What motherboard are we dealing with here?


----------



## dm01 (Oct 10, 2006)

*Re: Removing the screw inserts from the holes used to hold the CPU cooler in place*

After an hour of searching, pounding my head against the wall, cursing, and cutting myself on the open edges of the case (whoever designed this hunk of junk should be taken outside and publicly tortured), I found the product label on the side of the case that nobody looks at (good one, HP). I found the motherboard by using their horribly crippled PartSurfer JavaScript-based utility.

it is: Motherboard - Carmel, Intel H61, SandyBridge

If you can't tell, I'm really really sick of this project.


----------



## WereBo (Apr 5, 2008)

*Re: Removing the screw inserts from the holes used to hold the CPU cooler in place*

Have you tried opening t'other side-panel showing the mobo-tray, to see if there's an access-hole there?

If there isn't a hole there, then removing the mobo is likely to be the only option, but it's not as bad as it first seems though - Just make a quick sketch showing where all the leads/wires/cables connect, then refer to that during re-assembly :wink:


----------



## dm01 (Oct 10, 2006)

*Re: Removing the screw inserts from the holes used to hold the CPU cooler in place*

Hi WereBo.

The other side won't open without a cutting torch, the genius who made it riveted the sucker right to the chassis.

I always take lots of pretty pictures when dealing with the motherboard, otherwise I'll forget something or put it back in the wrong place.


----------



## Amd_Man (Jan 27, 2009)

*Re: Removing the screw inserts from the holes used to hold the CPU cooler in place*

What case is this? There is usually on decent cases a hole in the back plate for such a thing! See pic below!


----------



## greenbrucelee (Apr 24, 2007)

*Re: Removing the screw inserts from the holes used to hold the CPU cooler in place*

cases with removable nacks are more common these days so you can do what you want to do but quite a lot of the time you have to remove the motherboard to remove the cooler.
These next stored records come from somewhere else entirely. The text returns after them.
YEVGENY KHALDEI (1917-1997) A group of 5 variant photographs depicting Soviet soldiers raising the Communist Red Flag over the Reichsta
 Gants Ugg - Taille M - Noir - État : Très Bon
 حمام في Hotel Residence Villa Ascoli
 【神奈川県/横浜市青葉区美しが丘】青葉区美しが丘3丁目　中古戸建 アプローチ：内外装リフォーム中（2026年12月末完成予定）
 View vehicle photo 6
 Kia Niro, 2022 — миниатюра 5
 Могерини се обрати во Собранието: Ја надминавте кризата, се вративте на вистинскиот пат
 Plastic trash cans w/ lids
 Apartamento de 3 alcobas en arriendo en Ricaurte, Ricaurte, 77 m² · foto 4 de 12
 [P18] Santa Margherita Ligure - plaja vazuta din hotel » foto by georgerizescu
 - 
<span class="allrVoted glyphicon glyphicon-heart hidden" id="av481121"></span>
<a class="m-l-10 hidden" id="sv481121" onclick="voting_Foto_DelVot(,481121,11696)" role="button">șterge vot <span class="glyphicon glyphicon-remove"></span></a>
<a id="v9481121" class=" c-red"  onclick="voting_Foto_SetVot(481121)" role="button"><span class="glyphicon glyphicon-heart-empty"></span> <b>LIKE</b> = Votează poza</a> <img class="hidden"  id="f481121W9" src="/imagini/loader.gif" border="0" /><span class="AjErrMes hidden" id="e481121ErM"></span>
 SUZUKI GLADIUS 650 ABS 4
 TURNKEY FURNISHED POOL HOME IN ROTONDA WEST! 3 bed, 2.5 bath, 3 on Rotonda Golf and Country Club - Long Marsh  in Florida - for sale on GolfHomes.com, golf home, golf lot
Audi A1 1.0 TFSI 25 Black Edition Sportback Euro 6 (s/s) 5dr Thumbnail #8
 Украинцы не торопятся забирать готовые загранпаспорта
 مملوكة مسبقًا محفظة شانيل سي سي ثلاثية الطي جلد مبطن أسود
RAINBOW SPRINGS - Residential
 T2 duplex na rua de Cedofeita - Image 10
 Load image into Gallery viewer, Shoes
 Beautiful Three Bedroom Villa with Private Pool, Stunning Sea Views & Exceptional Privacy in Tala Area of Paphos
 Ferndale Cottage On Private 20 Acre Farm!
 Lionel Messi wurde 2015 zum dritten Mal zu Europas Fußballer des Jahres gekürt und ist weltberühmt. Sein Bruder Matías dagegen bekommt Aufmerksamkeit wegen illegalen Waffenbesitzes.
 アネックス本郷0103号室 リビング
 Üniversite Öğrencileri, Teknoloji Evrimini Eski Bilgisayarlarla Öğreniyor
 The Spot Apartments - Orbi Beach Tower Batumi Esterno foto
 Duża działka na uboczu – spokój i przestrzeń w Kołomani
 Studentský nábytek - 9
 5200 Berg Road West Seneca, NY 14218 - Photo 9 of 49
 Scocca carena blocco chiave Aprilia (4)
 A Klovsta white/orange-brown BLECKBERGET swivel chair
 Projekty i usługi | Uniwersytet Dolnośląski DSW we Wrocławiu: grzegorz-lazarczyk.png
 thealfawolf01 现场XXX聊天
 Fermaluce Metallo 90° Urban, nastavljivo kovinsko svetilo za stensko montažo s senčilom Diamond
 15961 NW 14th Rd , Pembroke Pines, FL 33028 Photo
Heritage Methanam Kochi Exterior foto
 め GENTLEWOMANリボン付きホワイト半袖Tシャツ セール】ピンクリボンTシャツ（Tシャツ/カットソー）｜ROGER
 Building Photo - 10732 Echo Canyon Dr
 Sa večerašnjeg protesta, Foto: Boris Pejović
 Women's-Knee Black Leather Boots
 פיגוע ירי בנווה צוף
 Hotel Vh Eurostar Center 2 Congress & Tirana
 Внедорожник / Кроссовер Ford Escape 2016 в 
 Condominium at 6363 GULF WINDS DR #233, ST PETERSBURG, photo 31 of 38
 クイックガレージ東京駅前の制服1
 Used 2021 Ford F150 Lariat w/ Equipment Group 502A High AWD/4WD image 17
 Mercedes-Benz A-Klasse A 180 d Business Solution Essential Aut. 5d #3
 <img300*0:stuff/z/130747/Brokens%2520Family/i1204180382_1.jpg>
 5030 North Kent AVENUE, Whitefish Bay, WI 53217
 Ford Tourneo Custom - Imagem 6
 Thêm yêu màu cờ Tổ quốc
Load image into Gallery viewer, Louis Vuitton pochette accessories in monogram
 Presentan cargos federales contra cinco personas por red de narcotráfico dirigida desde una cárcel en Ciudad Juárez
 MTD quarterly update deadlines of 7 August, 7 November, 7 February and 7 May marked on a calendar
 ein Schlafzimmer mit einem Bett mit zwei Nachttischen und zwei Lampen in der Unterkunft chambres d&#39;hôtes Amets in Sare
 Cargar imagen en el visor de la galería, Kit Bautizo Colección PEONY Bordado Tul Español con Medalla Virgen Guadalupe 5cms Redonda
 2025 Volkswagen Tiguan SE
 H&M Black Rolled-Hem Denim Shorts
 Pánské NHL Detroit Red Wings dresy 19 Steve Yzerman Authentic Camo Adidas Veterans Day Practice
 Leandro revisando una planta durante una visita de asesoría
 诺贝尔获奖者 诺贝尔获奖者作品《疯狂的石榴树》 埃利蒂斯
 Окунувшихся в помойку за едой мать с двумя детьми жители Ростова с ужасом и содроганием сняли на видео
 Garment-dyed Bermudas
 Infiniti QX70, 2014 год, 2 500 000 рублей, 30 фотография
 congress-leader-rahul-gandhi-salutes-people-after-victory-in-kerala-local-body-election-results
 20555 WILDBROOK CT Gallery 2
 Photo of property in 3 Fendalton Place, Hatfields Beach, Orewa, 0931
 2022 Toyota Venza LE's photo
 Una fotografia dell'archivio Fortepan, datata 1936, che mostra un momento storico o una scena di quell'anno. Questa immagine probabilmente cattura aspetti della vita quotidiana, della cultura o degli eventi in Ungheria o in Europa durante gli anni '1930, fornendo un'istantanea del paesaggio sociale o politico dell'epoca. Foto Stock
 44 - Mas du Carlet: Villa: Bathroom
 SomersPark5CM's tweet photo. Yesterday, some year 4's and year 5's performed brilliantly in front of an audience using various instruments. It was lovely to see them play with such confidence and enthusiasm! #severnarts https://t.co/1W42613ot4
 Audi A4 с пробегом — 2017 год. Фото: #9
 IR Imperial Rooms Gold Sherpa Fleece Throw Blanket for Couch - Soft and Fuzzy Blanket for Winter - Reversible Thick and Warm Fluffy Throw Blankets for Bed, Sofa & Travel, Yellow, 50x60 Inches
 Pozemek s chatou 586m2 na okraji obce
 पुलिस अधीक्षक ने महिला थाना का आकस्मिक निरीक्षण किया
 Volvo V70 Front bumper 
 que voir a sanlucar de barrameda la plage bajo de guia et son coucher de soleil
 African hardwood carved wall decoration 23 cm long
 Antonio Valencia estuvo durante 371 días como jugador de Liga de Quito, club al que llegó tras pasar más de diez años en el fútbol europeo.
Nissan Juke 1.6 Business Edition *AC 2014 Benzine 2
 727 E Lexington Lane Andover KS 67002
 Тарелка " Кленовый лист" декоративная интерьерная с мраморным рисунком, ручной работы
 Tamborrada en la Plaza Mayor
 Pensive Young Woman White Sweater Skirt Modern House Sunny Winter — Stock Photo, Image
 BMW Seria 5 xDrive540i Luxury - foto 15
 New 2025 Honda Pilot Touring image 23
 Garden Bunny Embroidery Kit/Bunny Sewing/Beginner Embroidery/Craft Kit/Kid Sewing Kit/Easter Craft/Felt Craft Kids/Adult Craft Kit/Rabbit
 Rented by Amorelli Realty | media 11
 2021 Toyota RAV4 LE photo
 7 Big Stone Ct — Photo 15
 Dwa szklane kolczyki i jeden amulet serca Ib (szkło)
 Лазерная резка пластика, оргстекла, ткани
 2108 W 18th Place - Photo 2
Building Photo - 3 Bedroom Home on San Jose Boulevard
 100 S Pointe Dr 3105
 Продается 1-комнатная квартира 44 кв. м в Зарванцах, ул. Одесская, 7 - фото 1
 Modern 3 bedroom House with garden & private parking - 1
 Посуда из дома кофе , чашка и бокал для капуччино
if its a standard intel cooler though you should just be able to remove without any problem.


----------



## dm01 (Oct 10, 2006)

*Re: Removing the screw inserts from the holes used to hold the CPU cooler in place*

Amd_Man: This is not a decent case.

greenbrucelee: it wasn't a stock intel cooler, I don't think a stock intel cooler would have failed quite so readily.


----------



## dm01 (Oct 10, 2006)

*Re: Removing the screw inserts from the holes used to hold the CPU cooler in place*

All right, now I'm getting somewhere.

I removed the CPU bracket and found that some bright spark had GLUED the back plate on to the back of the motherboard. Ten minutes of alcohol and light prying got the plate off. I examined the plate carefully and found that the screws that hold the CPU bracket in place need the plate to bite into. After hours to trying to enlarge the holes for the cooler stakes, I cut off the four corners of the bracket and cleaned the edges with a small file set. The CPU cooler is attached to a front bracket that will distribute the weight.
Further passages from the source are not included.